Publisher: Yen Press
Rating: Older Teen (16+)
Released: June 2008
“Though Chika and Shito manage to extract the girls from the clutches of the Butterfly Killer’s fans, the case takes a shocking turn when an unexpected betrayal is revealed! With heavy hearts, the members of Z-loan close the case, but they still can’t shake the blues. So the Chancellor sponsors a group trip to the hot springs, which starts out all fun and games but ends with… a howl?!”
The story here in volume three of Zombie Loan picks up where volume two left readers off: Chika and Shito, adorned in maid girl outfits, find themselves cornered by the Butterfly Killer’s fans. While the men race to save them, and they all then chase the supposed target, the true Butterfly Killer ends up being one of their own.

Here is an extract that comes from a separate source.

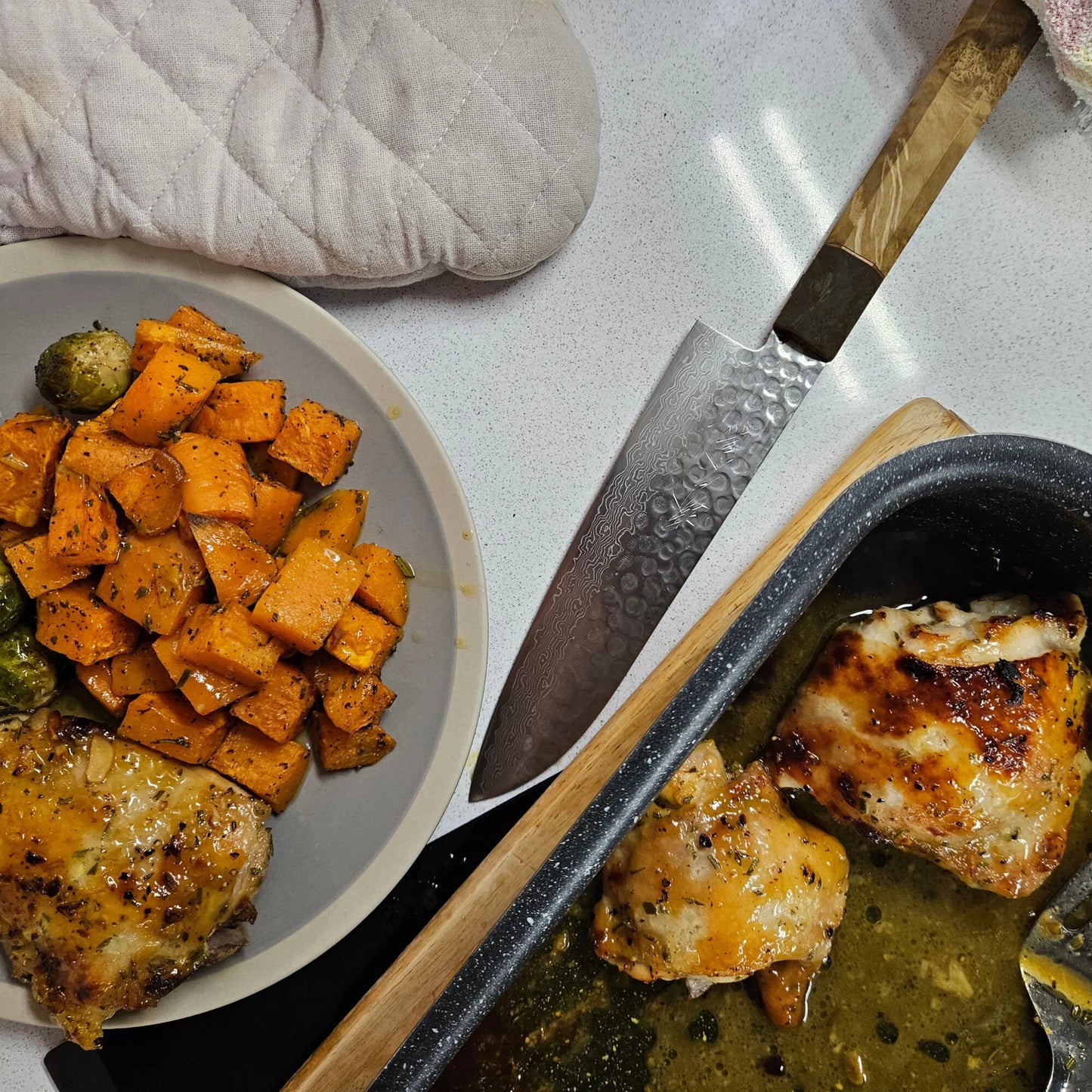 Sakai Kyuba KYU Kochmesser 19cm Santoku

I had trouble getting through the beginning of the book. The pacing was uneven and the panels’ placement didn’t help with blots of text haphazardly placed atop them. Overall it just didn’t offer a very smooth reading experience and it took away any enjoyment I could have otherwise had. Fortunately the book did manage to catch up to itself by the middle, and for a while I did have some fun reading the events as they unfolded. Then, painfully, the story took a turn for the clichéd as the Z-Loan team heads off to a hot spring, complete with gratuitous fan service and the same chunky pacing as the beginning.
The characters themselves did nothing for me throughout my reading and I didn’t find myself feeling very empathetic to any of them. In the end, the only part that really piqued my interest was the final page, introducing a character I knew nothing about and thus, I suppose, had no reason to dislike.
Though somehow a selling point, I found very little to like about Peach Pit’s art here. The designs were pretty plain and the art itself was inconsistent, suffering from lopsided faces and weak anatomy. The female’s soulless eyes held little in the way of appeal or emotion and the pages often suffered from unbalance placement of text and images. While the occasional panel caught my eye with nice ink work or pretty faces (when drawn considerably different from the usual in this book), they didn’t come close to offsetting the things I disliked here.
All elements combined, a weak beginning and even weaker ending make Zombie Loan, volume three, a lack-lustre read. With unappealing artwork and few compelling plot points, it’s unfortunately not a series I have any wish to continue after getting through its third instalment.